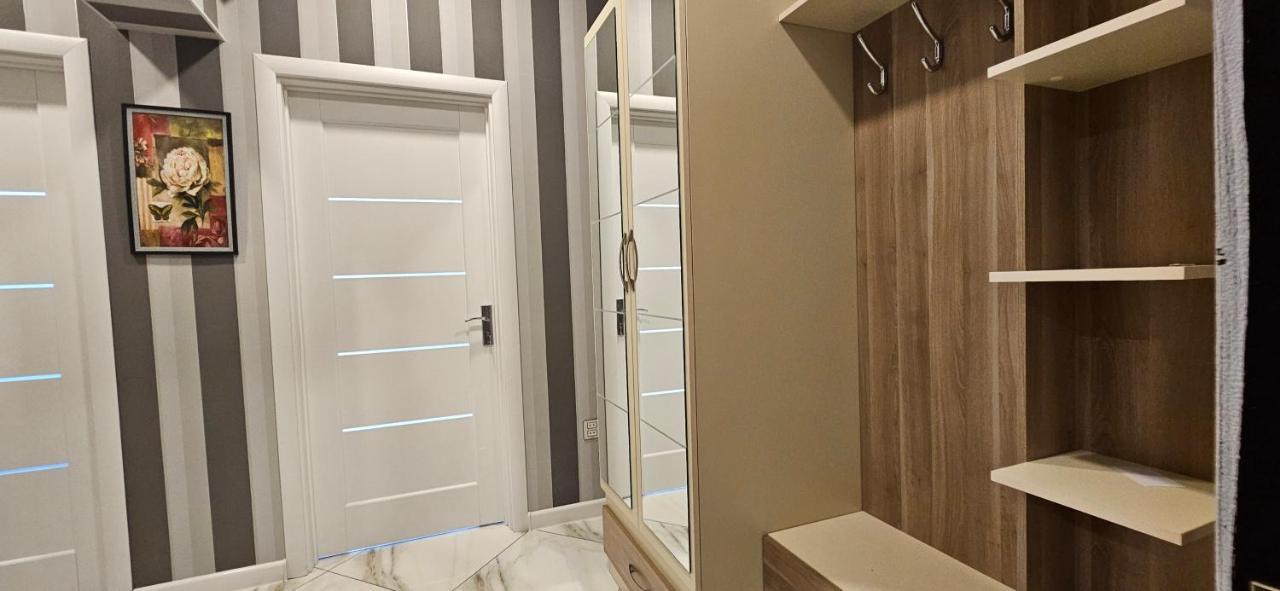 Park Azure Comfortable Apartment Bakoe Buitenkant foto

==

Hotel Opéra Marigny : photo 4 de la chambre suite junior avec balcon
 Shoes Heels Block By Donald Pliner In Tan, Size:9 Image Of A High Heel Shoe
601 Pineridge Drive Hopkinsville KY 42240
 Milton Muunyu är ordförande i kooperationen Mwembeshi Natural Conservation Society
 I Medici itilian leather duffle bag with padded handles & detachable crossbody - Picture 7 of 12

YOUR OBJECTIVE: Could you restate, word for word, the lines above from the one with "Hotel Opéra Marigny" to the one with "I Medici itilian", both included?

EXERCISE RESULT:
Hotel Opéra Marigny : photo 4 de la chambre suite junior avec balcon
 Shoes Heels Block By Donald Pliner In Tan, Size:9 Image Of A High Heel Shoe
601 Pineridge Drive Hopkinsville KY 42240
 Milton Muunyu är ordförande i kooperationen Mwembeshi Natural Conservation Society
 I Medici itilian leather duffle bag with padded handles & detachable crossbody - Picture 7 of 12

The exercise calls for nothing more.